Я припомнил черноголового, худощавого бойца, он и в бреду требовал ленты для пулемета. Иногда кричал:
«Выключите мотор, опять жуки ползут…»
Ивановец убежденно говорил мне:
— Никита — человек особенный. В Уральске обучал его бывалый солдат и подшучивал: «Где тебе с узорчатого ситца на пулемет!» Никита отрезал: «Пулемет чувствует рабочие руки и послушается, а вот узор на ситце действительно души требует, так я б тебя даже в ученики не взял: больно смешлив и нелюбопытен, ругаешь то, о чем понятия не имеешь».

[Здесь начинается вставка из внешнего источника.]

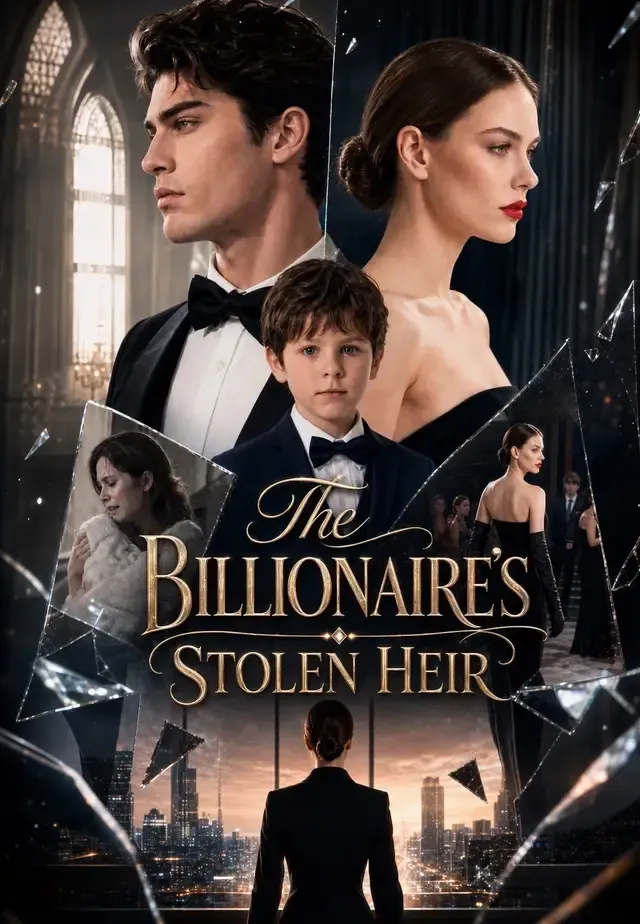 The Billionaire's Stolen Heir cover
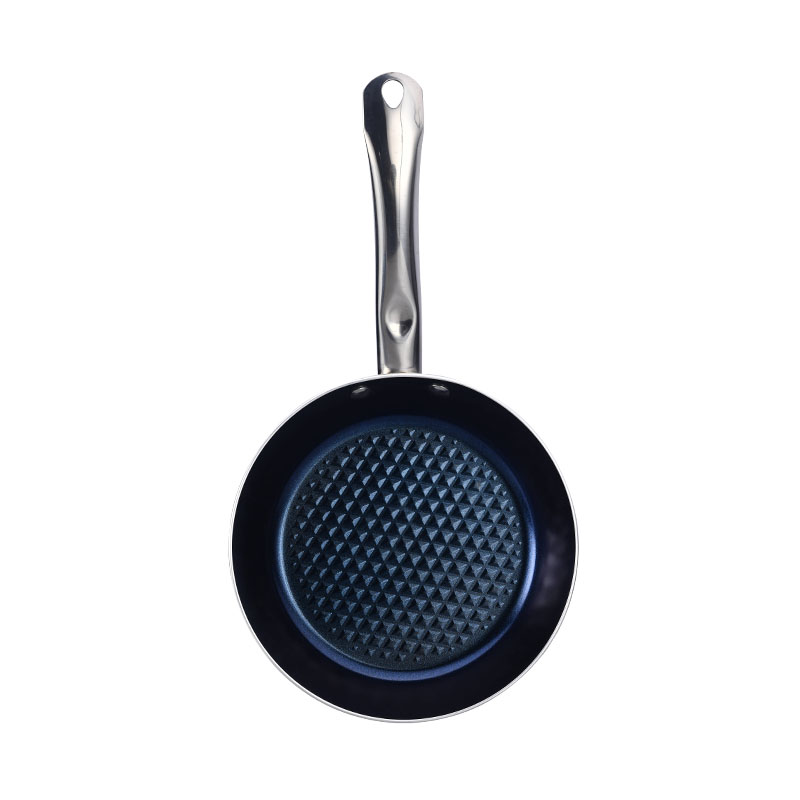 Multi Function Food Grade Non Toxic Cooking Pans Forged Cookware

Роклист многое знает. День и вечер он простаивал у высокой машины. Заправит ее клеем, краской, маслом, а внизу у ног вертится во всем этом рыжий, медный, весь в гравировке вал. Ситец прижимается к валу и лентой уходит вверх. Никита глядит, глаз не сводит с рисунков, а материя тянется и тянется. И цветы тебе, и поля тебе, и бабочки, и горошек, и японская хризантема. А вал медный так и кипит в краске, и на материи, прижатой к валу и от него убегающей, все это расцветает желтым — и так, скажем, на двенадцать часов желтые кружочки расположились. А потом на все шестнадцать — красные горошинки.
Даже здесь на фронте, у Чишмы, Никита мне говорил: «Ночью глаза закрою, а передо мной тянется лента желтого, зеленого, красного — и ночью устаю. Одолевает узор: узор крапчатый, наливчатый, с переборами, с недоборами».
Лицо паренька мгновенно менялось: он то, хмурясь, щурил глаза, а то широко раскрывал их. Синие, они блестели. Морщил нос, вертел смешной бритой головой и тревожил меня своими рассказами.
Он тянул меня заглянуть куда-то за край войны.
— Даже израненный, бил Никита каппелевцев, и в глазах у него не рябило, когда они на пулемет налезали. Только в бреду ему мерещился страшный узор: светящиеся жуки, и он боялся их, просил, чтоб прогнали. Мы охрипли, крича, что ему мерещь в глаза набилась и нет уже каппелевских жуков, но Никита ничего не соображал — ты ведь слышал, как он бредил.
И всего не перескажешь, что наговорил мне ивановец. Хотелось ему, видно, домой, в свои края, но должны были мы взять в Туркестане хлопок и впрыснуть живую воду в его фабрики. А в том, что фабрики теперь его, паренек не сомневался.
— Слушай, — спросил я, — откуда ты все наизусть знаешь? Кто же ты сам? Может, роклист или еще кто на куваевской фабрике?
— Нет, сейчас я мало кто, всего-навсего боец, да и не с куваевской или грязновской фабрик. В нашем полку не все ивановцы, тут и кинешемские, шуйские, вычугские. Городские мы или деревенские, если не с фабрик, то вокруг них повырастали и знаем — все от этих рук! — Паренек вытянул передо мной две крепкие загорелые руки. — Слыхал, как нас Фрунзе зовет? Людьми русского Манчестера. — Паренек покраснел и душевно так попросил: — Отвоюемся, поедем к нам и все по-своему повернем.